**TASK TO CARRY OUT**:
Leave out the pictures and repeat the data exactly.

Stored items from a collection
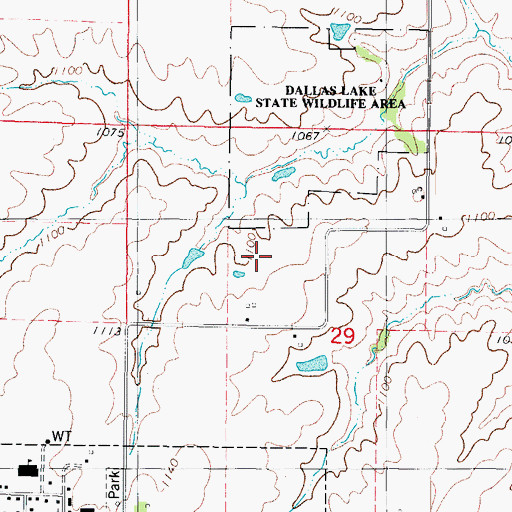 Topographic Map of Beaver Lake Campground, IA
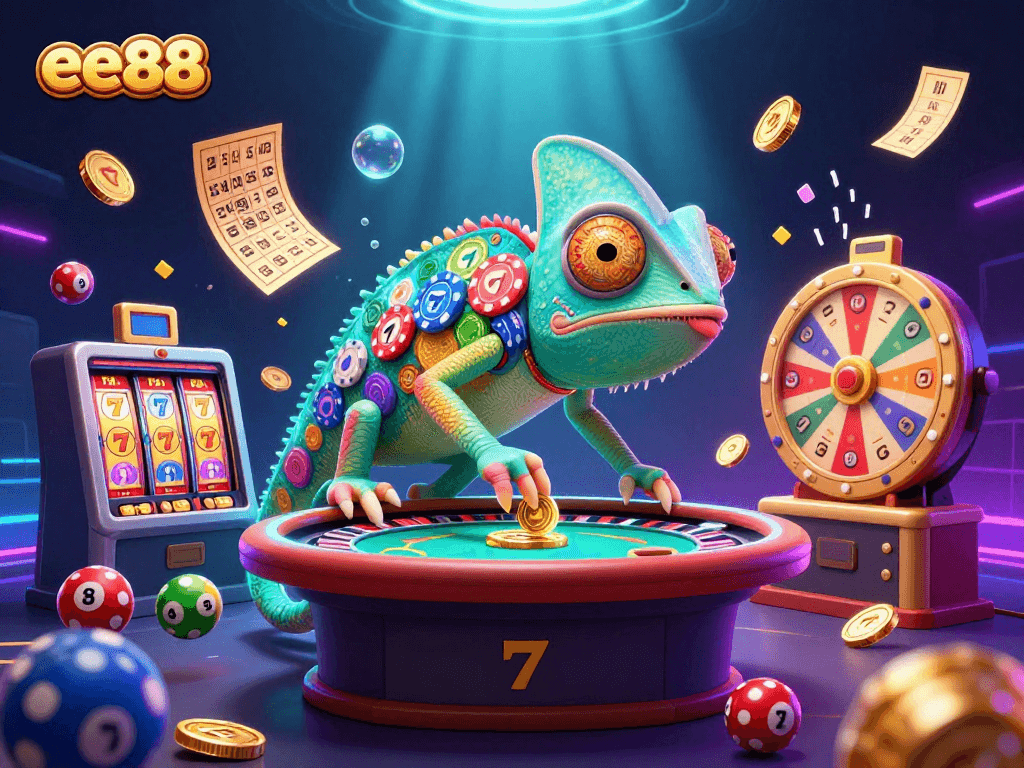 ee88 players spin slot reels and win big surrounded by vibrant and dynamic casino elements
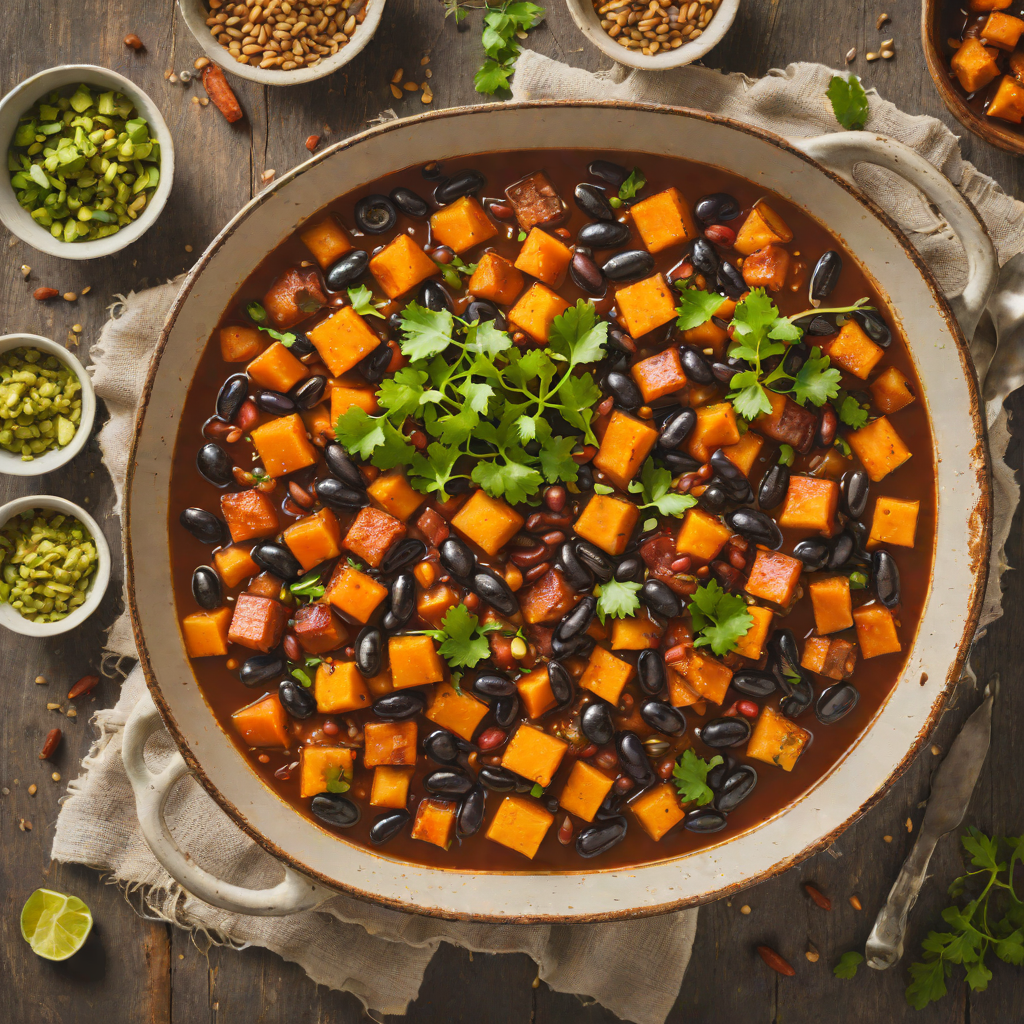 Spiced Caribbean Vegetable Stew with Sweet Potatoes and Black Beans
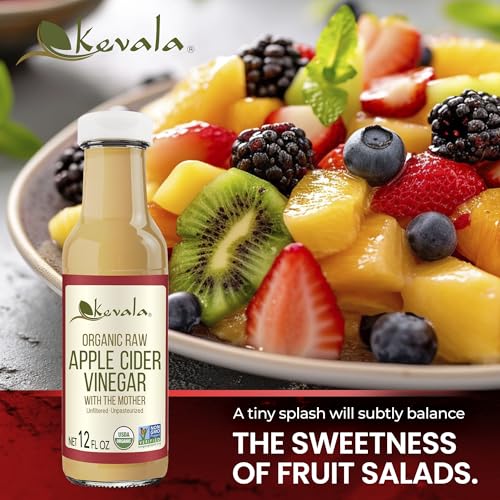 Kevala Organic Raw Apple Cider Vinegar - 35 oz, Cooking, Baking, Hair Care | Gluten Free and Peanuts Free, Ingredient for Vinaigrettes, Dressings, and Detox Shots, Contains the Natural Mother of Vinegar
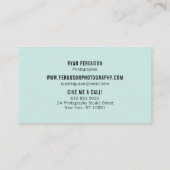 ミニマモダンリストのパステルティール(緑がかった色)写真 名刺 (裏面)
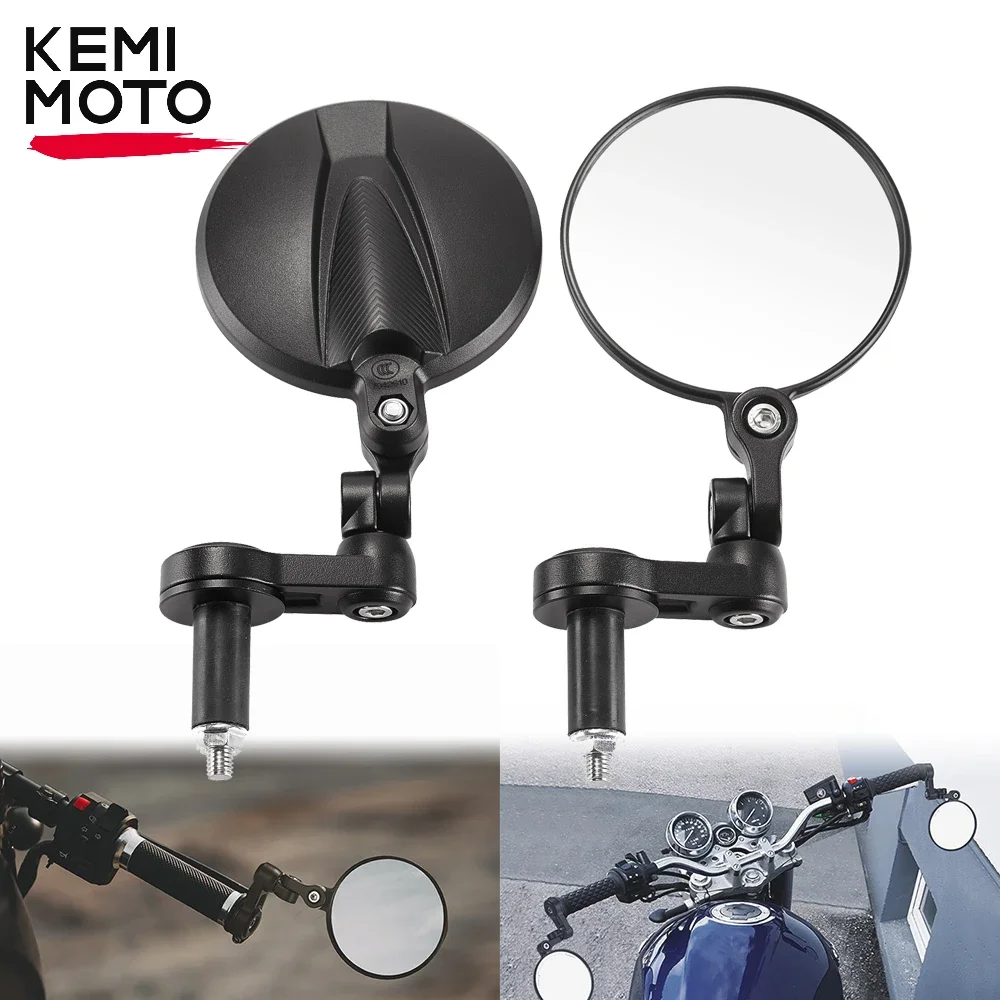 KEMIMOTO Motorfiets Spiegel 10 CM Ronde Emark Stuur End Spiegels met M8 M6 Schroef voor Motor Scooter Fiets Achteruitkijkspiegel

**OUTPUT BELOW**:
 Topographic Map of Beaver Lake Campground, IA
 ee88 players spin slot reels and win big surrounded by vibrant and dynamic casino elements
 Spiced Caribbean Vegetable Stew with Sweet Potatoes and Black Beans
 Kevala Organic Raw Apple Cider Vinegar - 35 oz, Cooking, Baking, Hair Care | Gluten Free and Peanuts Free, Ingredient for Vinaigrettes, Dressings, and Detox Shots, Contains the Natural Mother of Vinegar
 ミニマモダンリストのパステルティール(緑がかった色)写真 名刺 (裏面)
 KEMIMOTO Motorfiets Spiegel 10 CM Ronde Emark Stuur End Spiegels met M8 M6 Schroef voor Motor Scooter Fiets Achteruitkijkspiegel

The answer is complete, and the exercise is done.